Broadly speaking wide aperture lenses are easier to design the longer the focal length. The reason that you don't see any 400mm f/1.4 lenses is due to manufacturing difficulties, e.g. keeping dispersion low while producing elements of the size required for such apertures. It's worth restating that the designation f/1.4 means that the size of the aperture stop is the focal length divided by 1.4, which for a 400 f/1.4 is a whopping 285mm. Technically it's the image of the aperture stop that must be that size, which means the front element has to be at least that big.
If you look at the widest of Canon's superteles you see a pattern that 150mm seems to be about the limit of what is economical:
400/2.8 = 142mm
600/4.0 = 150mm
800/5.6 = 142mm
Lenses with focal length less that the registration distance (about 46mm for most DSLRs) have to incorporate what's known as a retrofocal design, which is essentially a reverse telephoto group (or "wide converter") at the back of the lens. The wider the lens the more corrections have to be performed due to the retrofocal design, and these corrections are more difficult for wide apertures lenses.
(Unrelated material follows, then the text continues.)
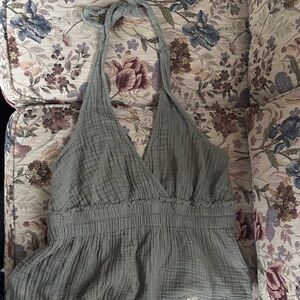 American Eagle Outfitters Olive Halter Blouse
You can see this if you look at the design of the Canon 24mm f/2.8 and 50mm f/1.8:
Canon 24mm f/2.8
The reason 50mm offer such good price/performance ratio when it comes to aperture is that for 35mm cameras that 50mm sits at the sweet spot where the focal length is long enough to allow a simpler non retrofocal design, but not too long that large pieces of glass have to be used to give a good f/number.